> Exercise instructions:
The expected output is each line from the one containing "102 Warner Woods Road, Lexington, SC 29072" to the last line of the data below, set down exactly, minus the pictures.

Stored entries:
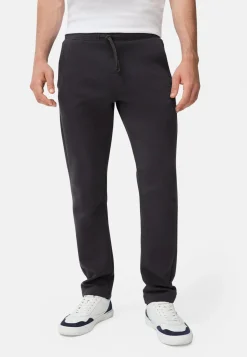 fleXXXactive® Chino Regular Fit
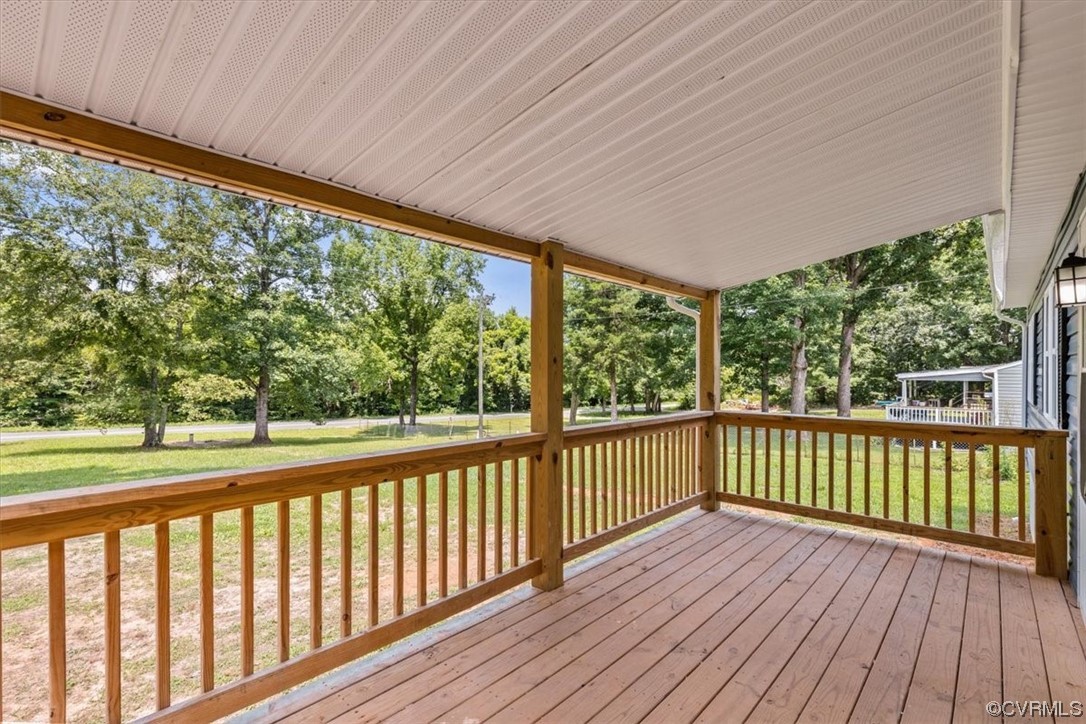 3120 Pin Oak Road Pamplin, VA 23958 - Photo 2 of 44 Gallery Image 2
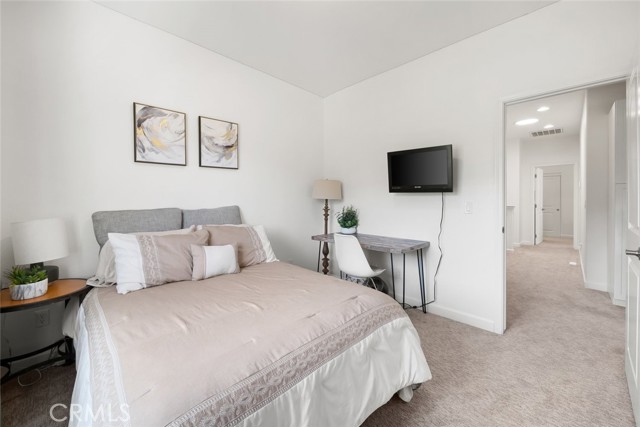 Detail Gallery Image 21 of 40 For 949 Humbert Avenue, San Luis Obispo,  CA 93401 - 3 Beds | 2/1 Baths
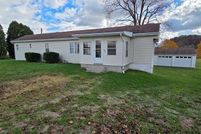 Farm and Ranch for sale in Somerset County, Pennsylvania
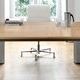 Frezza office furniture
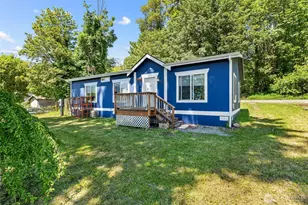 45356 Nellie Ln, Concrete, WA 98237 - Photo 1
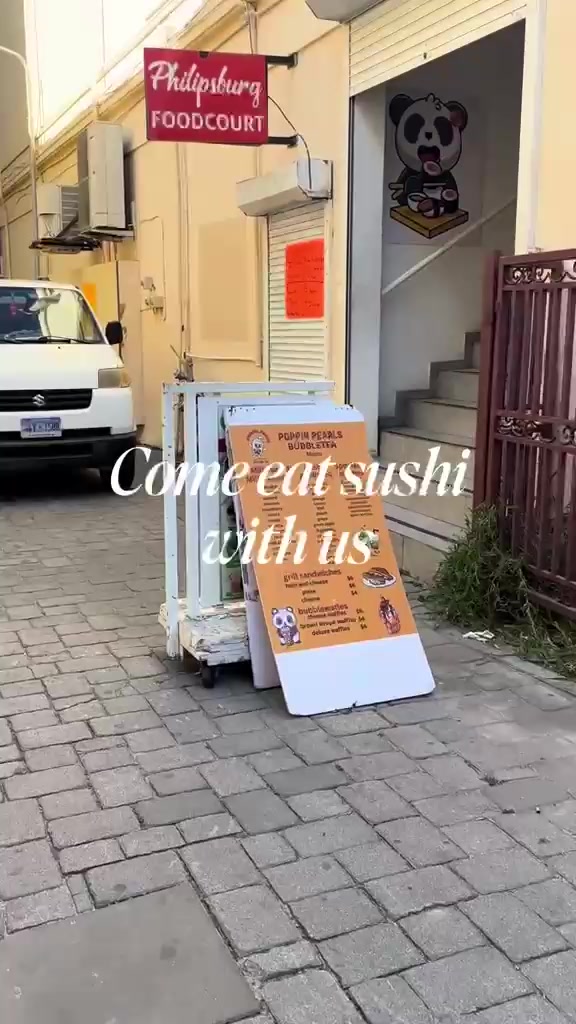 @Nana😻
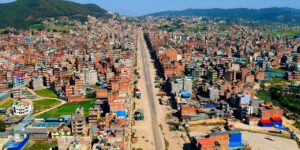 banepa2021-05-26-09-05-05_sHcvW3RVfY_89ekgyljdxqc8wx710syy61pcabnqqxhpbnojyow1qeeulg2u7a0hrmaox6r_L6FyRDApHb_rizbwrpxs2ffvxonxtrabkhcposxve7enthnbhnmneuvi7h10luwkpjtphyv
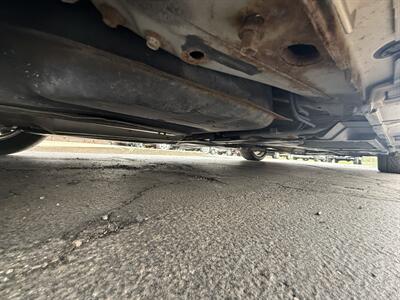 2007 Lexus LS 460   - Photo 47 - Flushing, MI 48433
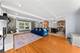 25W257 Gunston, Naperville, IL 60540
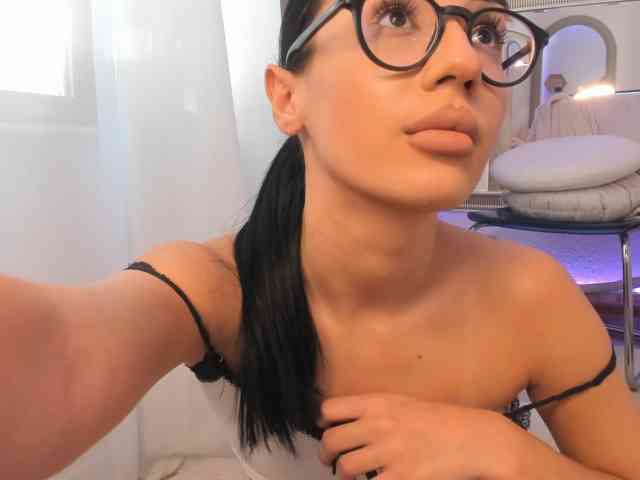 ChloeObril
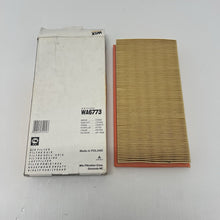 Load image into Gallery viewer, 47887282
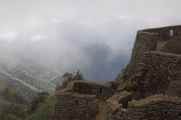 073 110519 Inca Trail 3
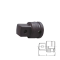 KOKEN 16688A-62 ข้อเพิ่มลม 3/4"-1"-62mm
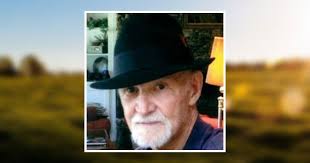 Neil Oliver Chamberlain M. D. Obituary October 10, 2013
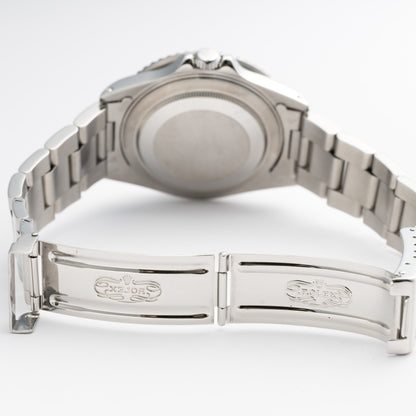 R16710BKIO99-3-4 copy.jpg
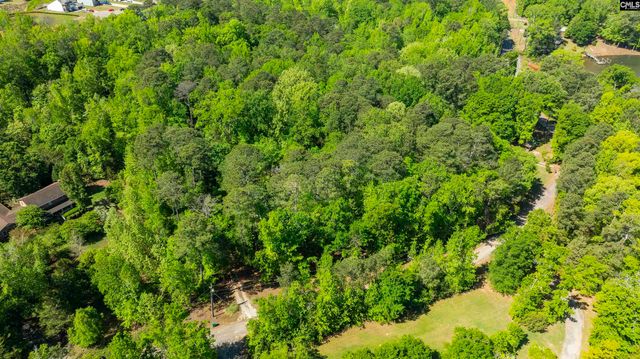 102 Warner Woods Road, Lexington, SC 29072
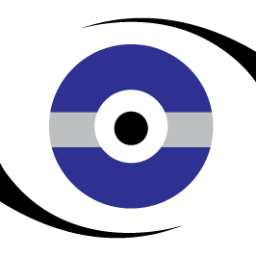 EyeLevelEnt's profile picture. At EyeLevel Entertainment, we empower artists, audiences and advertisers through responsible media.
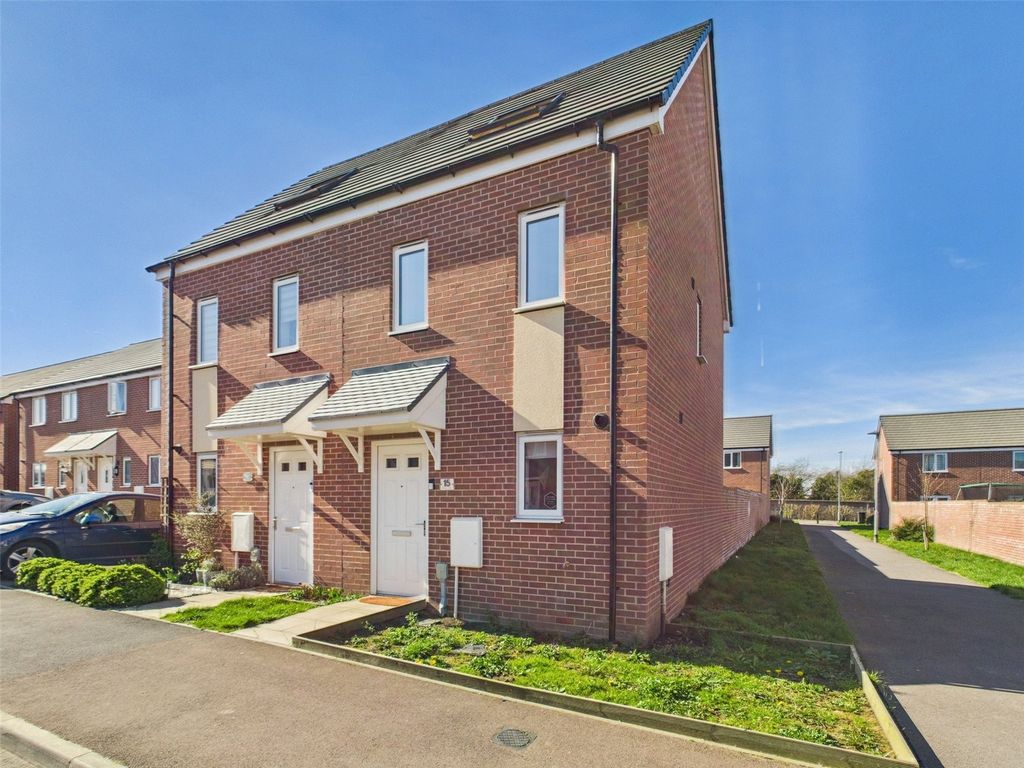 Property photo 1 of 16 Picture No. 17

> Output for this exercise:
 102 Warner Woods Road, Lexington, SC 29072
 EyeLevelEnt's profile picture. At EyeLevel Entertainment, we empower artists, audiences and advertisers through responsible media.
 Property photo 1 of 16 Picture No. 17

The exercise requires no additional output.